TASK REQUIREMENTS:
From the first line to the last, repeat the data exactly and drop the pictures.

DATASET EXTRACT:
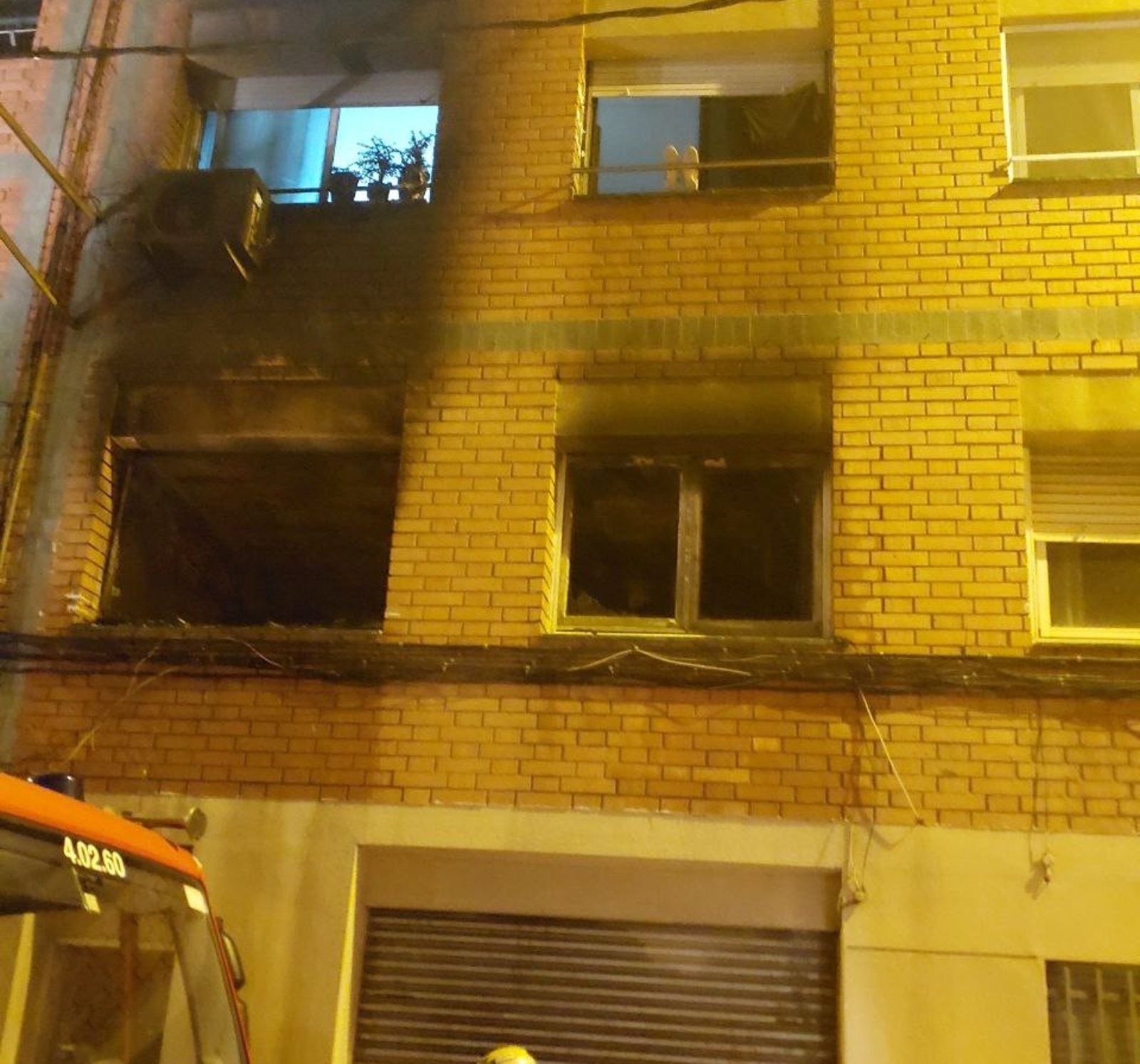 Muere en el hospital el niño de 2 años rescatado en estado crítico de un incendio en Santa Coloma de Gramenet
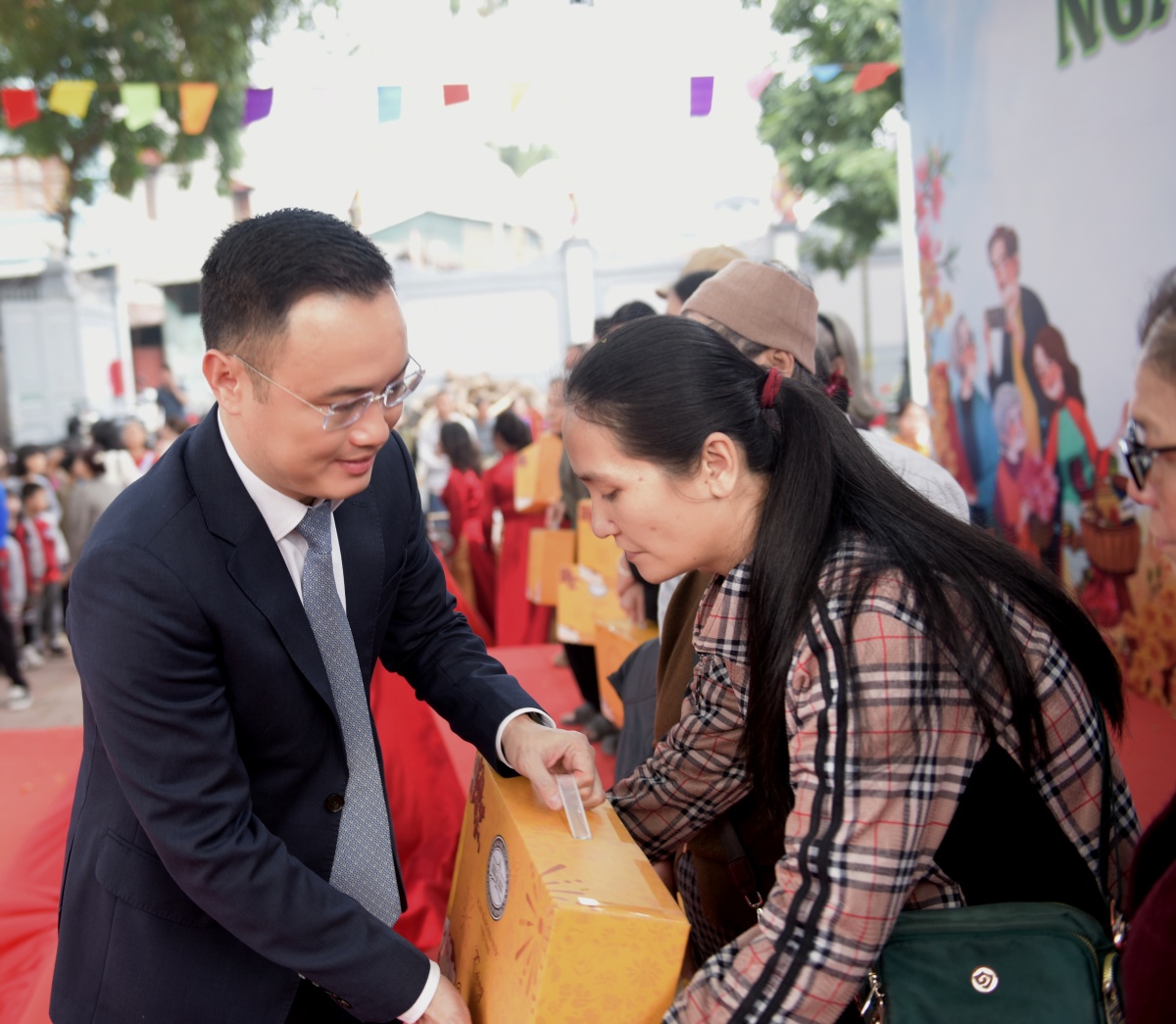 NHNN trao tặng quà Tết cho các hộ gia đình chính sách trên địa bàn phường Hồng Hà NHNN trao tặng quà Tết cho các hộ gia đình chính sách trên địa bàn phường Hồng Hà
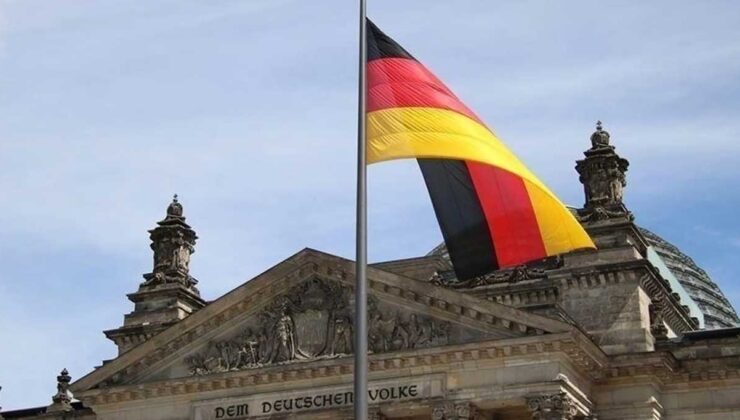 Almanya, depremzedelerin ülkede kalma süresini 3 ay daha uzattı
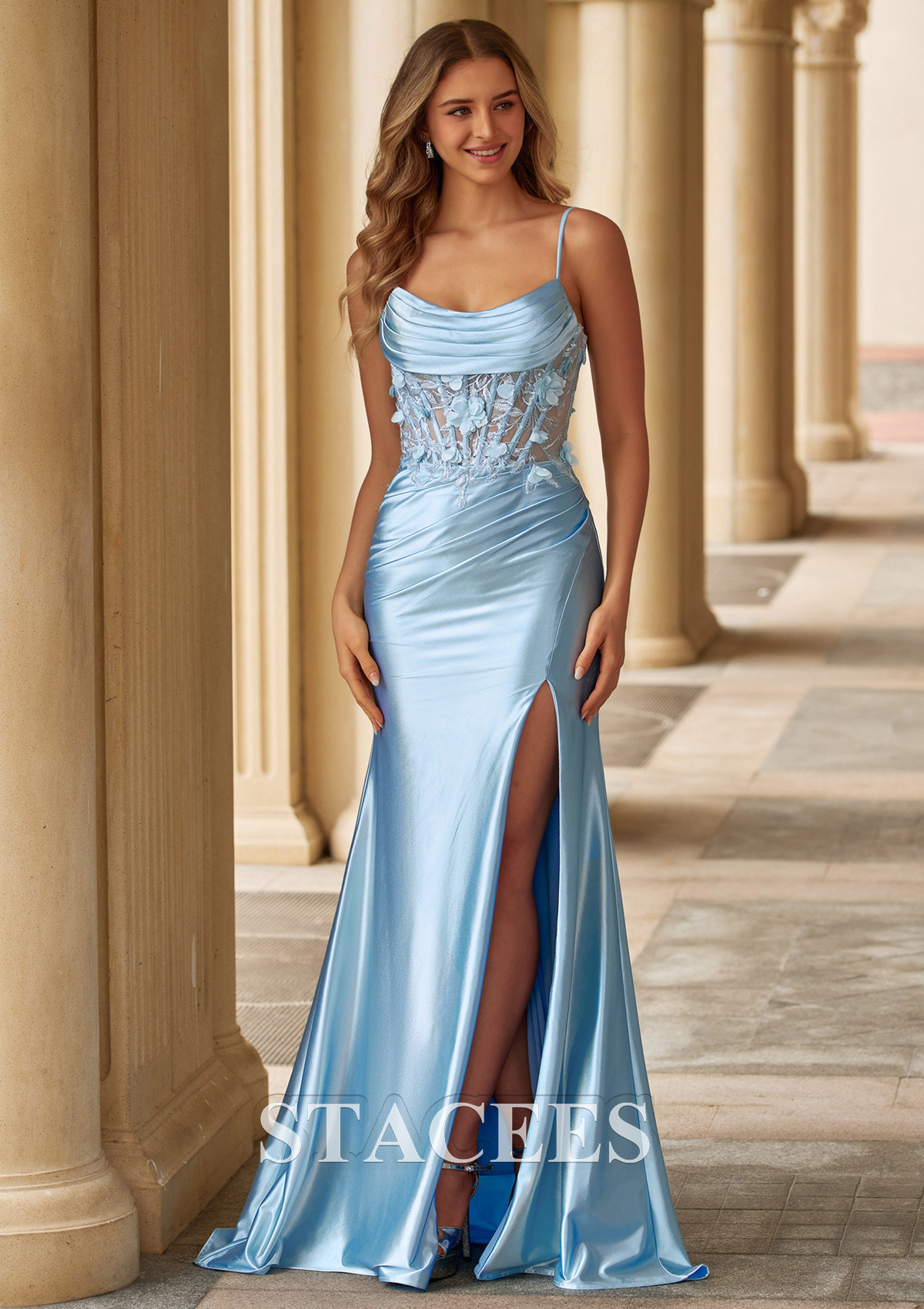 Bleu Ciel Fourreau col bénitier soie comme du satin traîne balayage robe de bal avec appliqué fleurs paillettes - STACEES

WRITTEN RESPONSE:
 Muere en el hospital el niño de 2 años rescatado en estado crítico de un incendio en Santa Coloma de Gramenet
 NHNN trao tặng quà Tết cho các hộ gia đình chính sách trên địa bàn phường Hồng Hà NHNN trao tặng quà Tết cho các hộ gia đình chính sách trên địa bàn phường Hồng Hà
 Almanya, depremzedelerin ülkede kalma süresini 3 ay daha uzattı
 Bleu Ciel Fourreau col bénitier soie comme du satin traîne balayage robe de bal avec appliqué fleurs paillettes - STACEES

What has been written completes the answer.